The Company follows a policy on remuneration of Directors, Key Managerial Personnel and Senior Management employees including criteria for determining qualification, positive attributes and independence of Directors. The Company has framed a new employee manual and policy which primarily focuses on all the employees of management and non-management cadre to provide a competitive and attractive remuneration and to retain, protect and develop competent personnel. The pay package shall be based on the roles and responsibilities and shall consist in addition to the fixed remuneration motivating payments like performance pay, leave travel allowance, education allowance, special allowance, medical reimbursement, personal accident Insurance etc. The remuneration payable to Executive Directors and sitting fee payable to Non-Executive Directors shall be decided by the Board from time to time and it shall be subject to the provisions of Companies Act, 2013.

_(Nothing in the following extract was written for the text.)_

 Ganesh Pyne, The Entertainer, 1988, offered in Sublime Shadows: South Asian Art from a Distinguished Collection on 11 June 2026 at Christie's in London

6. Explanation of Board on qualification of statutory auditors & secretarial auditor, if any

During the year ended 31st March 2015, there is no qualification, reservation or adverse remark made by the statutory auditor and by the practicing Company secretary in their respective reports.

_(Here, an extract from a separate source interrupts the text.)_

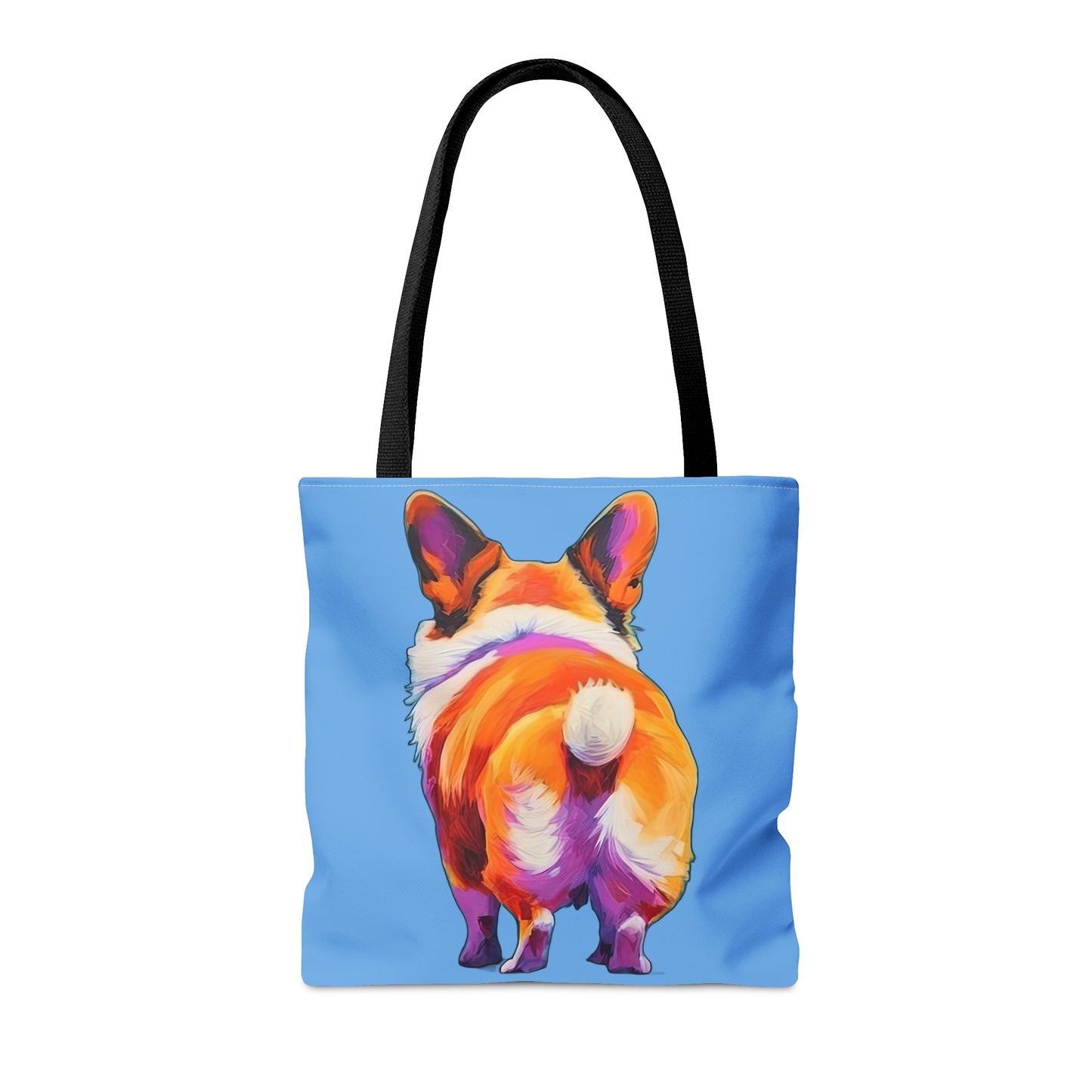 Corgi Butt in Blue - Artistic Tote Bag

7. Particulars of loans, guarantees or investments given or made by the Company

During the year 2014-15, the Company has not given any loan to any person/other body corporate or given any guarantee or provided security in connection with a loan to any person/body corporate or made any investments in other body corporate.

8. Related Party Transactions

The related party transactions entered into with related parties are on arm's length basis and are in compliance with the applicable provisions of the Companies Act and the listing agreement. There are no materially significant related party transactions made by the Company with promoters, directors or key managerial personnel etc which may have potential conflict of interest of the Company at large.

The related party transactions are placed before the Audit committee and the Board specifying the nature, value and terms and conditions of the transactions. In principal approval is obtained for the transactions which are foreseen and repetitive in nature.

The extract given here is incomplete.